---- Input for this task

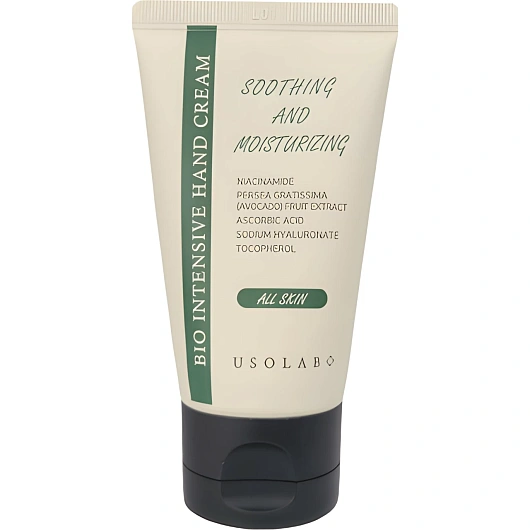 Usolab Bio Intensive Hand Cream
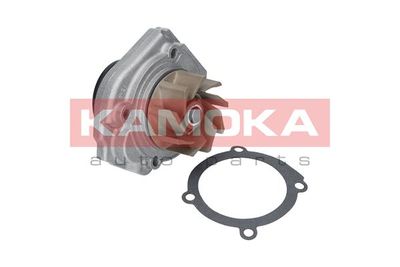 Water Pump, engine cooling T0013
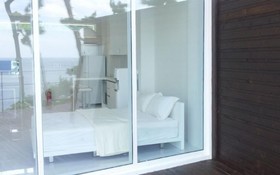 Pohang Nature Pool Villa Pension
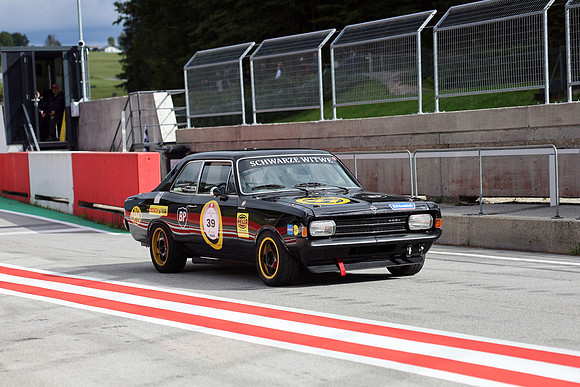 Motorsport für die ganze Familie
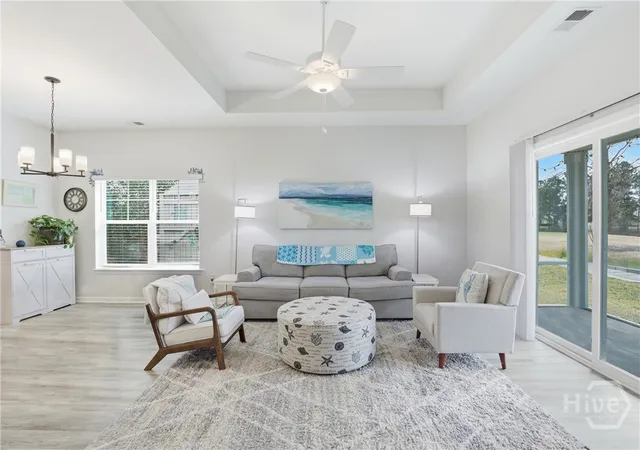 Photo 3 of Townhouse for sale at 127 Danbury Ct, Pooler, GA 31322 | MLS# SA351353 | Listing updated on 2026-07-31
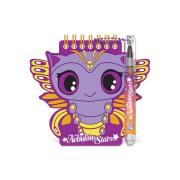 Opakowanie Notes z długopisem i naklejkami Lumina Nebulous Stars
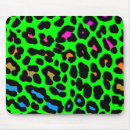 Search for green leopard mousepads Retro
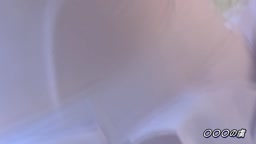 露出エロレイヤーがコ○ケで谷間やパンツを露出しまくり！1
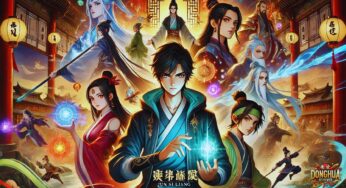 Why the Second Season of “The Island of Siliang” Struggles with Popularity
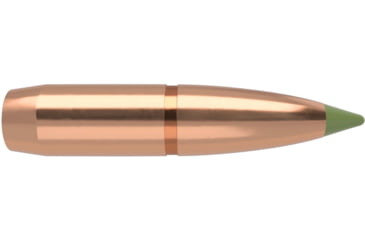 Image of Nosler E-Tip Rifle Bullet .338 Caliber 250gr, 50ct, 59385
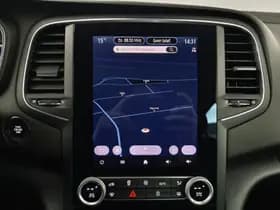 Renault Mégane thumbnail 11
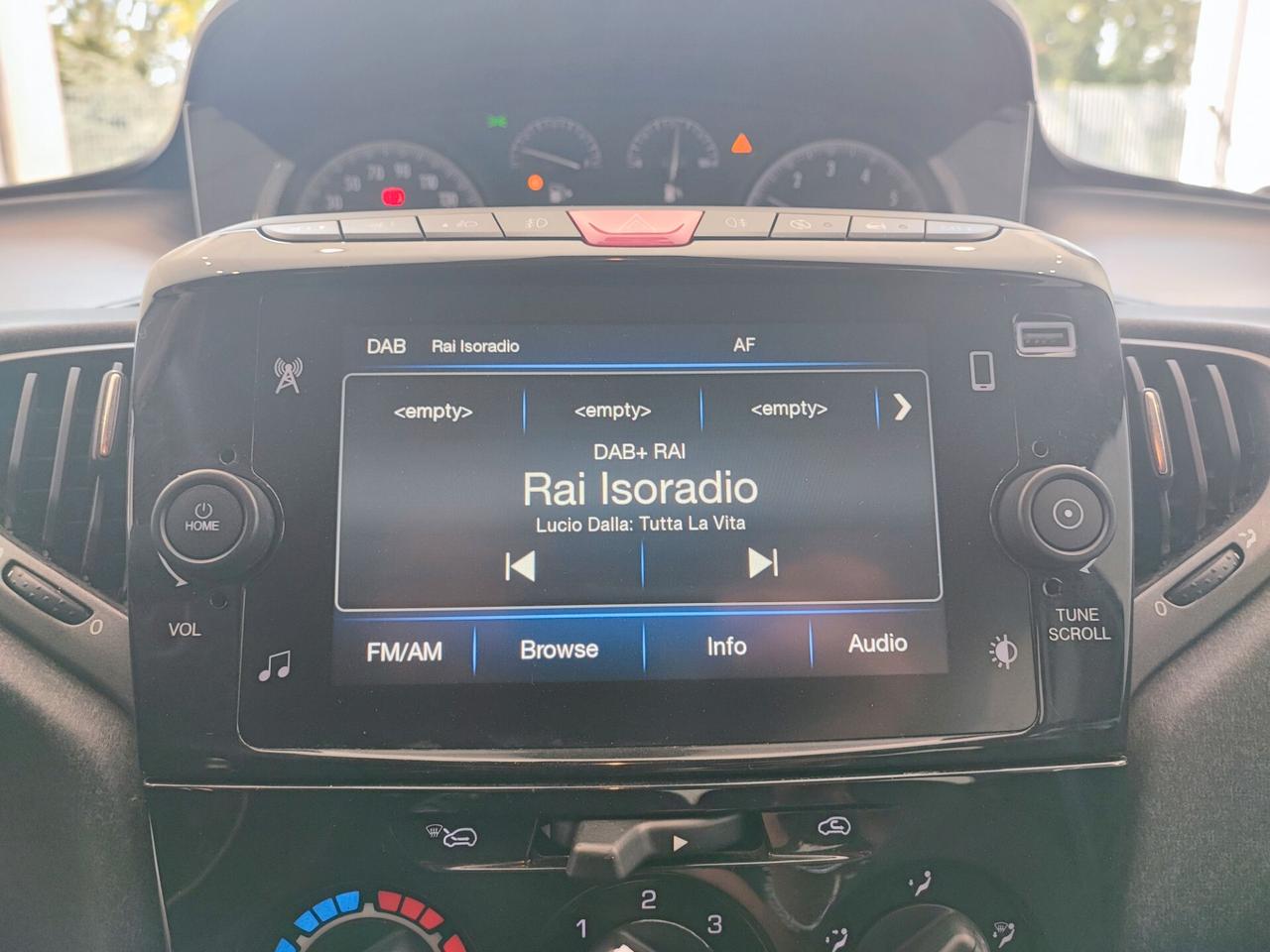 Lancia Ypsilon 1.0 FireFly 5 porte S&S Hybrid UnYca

--------

* Exercise goal *
Only the lines of the listing above from the one with "Water Pump, engine cooling T0013" through the one with "Search for green leopard mousepads Retro" should be output, exactly, with both ends kept and pictures left out.

* Answer *
 Water Pump, engine cooling T0013
 Pohang Nature Pool Villa Pension
 Motorsport für die ganze Familie
 Photo 3 of Townhouse for sale at 127 Danbury Ct, Pooler, GA 31322 | MLS# SA351353 | Listing updated on 2026-07-31
 Opakowanie Notes z długopisem i naklejkami Lumina Nebulous Stars
 Search for green leopard mousepads Retro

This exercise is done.